Task prompt>
Copy exactly the lines of the material below that run from the one containing "لمشاهدة باقي العروض" through the one containing "#عبود_الكبيسي #اربيل #للأيجار". Copy no other lines.

Information given>

--------

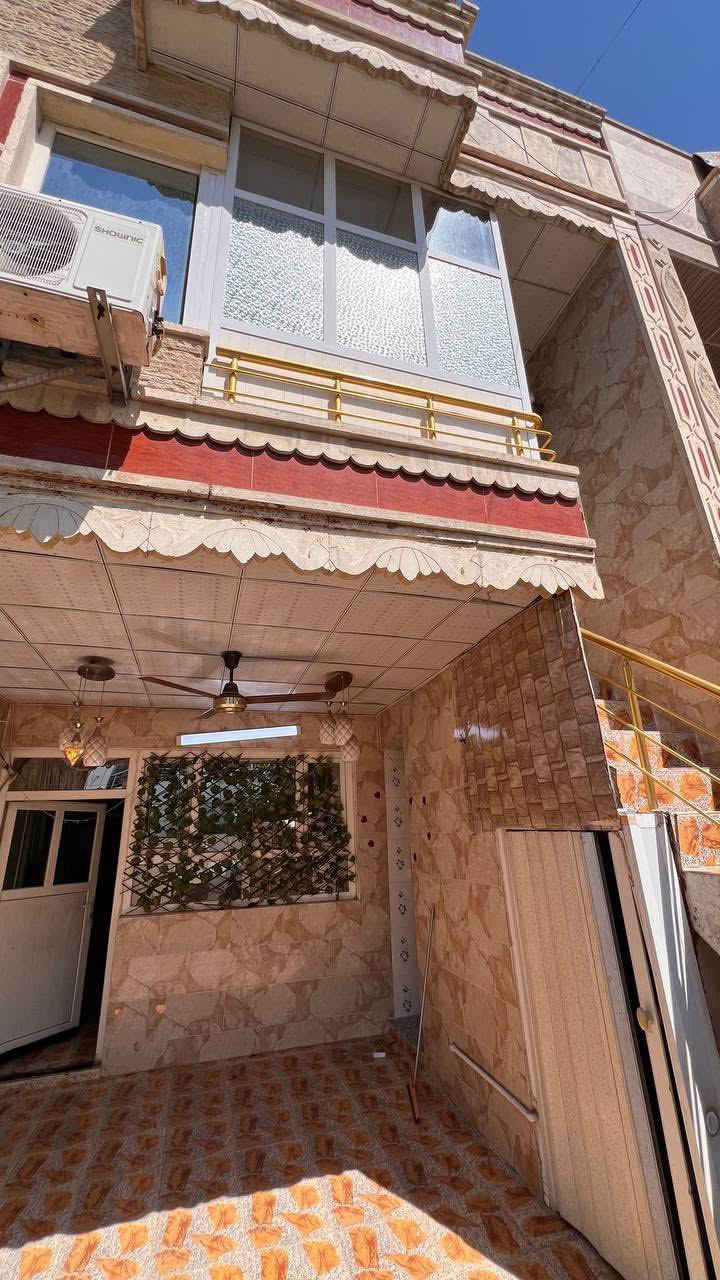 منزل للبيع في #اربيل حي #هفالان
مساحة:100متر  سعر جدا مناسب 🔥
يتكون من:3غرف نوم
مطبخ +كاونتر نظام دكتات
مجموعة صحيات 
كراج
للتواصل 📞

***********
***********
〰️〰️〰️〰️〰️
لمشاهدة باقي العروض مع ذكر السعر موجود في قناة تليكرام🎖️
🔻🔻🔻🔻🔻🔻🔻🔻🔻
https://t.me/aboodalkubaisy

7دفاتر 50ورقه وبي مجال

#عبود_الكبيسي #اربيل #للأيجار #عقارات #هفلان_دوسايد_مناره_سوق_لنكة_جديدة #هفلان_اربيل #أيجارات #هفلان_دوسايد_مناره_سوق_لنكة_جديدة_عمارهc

--------

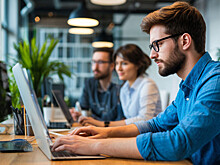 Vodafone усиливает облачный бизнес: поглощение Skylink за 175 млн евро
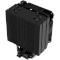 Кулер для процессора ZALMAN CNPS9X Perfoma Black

--------

Exercise output>
لمشاهدة باقي العروض مع ذكر السعر موجود في قناة تليكرام🎖️
🔻🔻🔻🔻🔻🔻🔻🔻🔻
https://t.me/aboodalkubaisy

7دفاتر 50ورقه وبي مجال

#عبود_الكبيسي #اربيل #للأيجار #عقارات #هفلان_دوسايد_مناره_سوق_لنكة_جديدة #هفلان_اربيل #أيجارات #هفلان_دوسايد_مناره_سوق_لنكة_جديدة_عمارهc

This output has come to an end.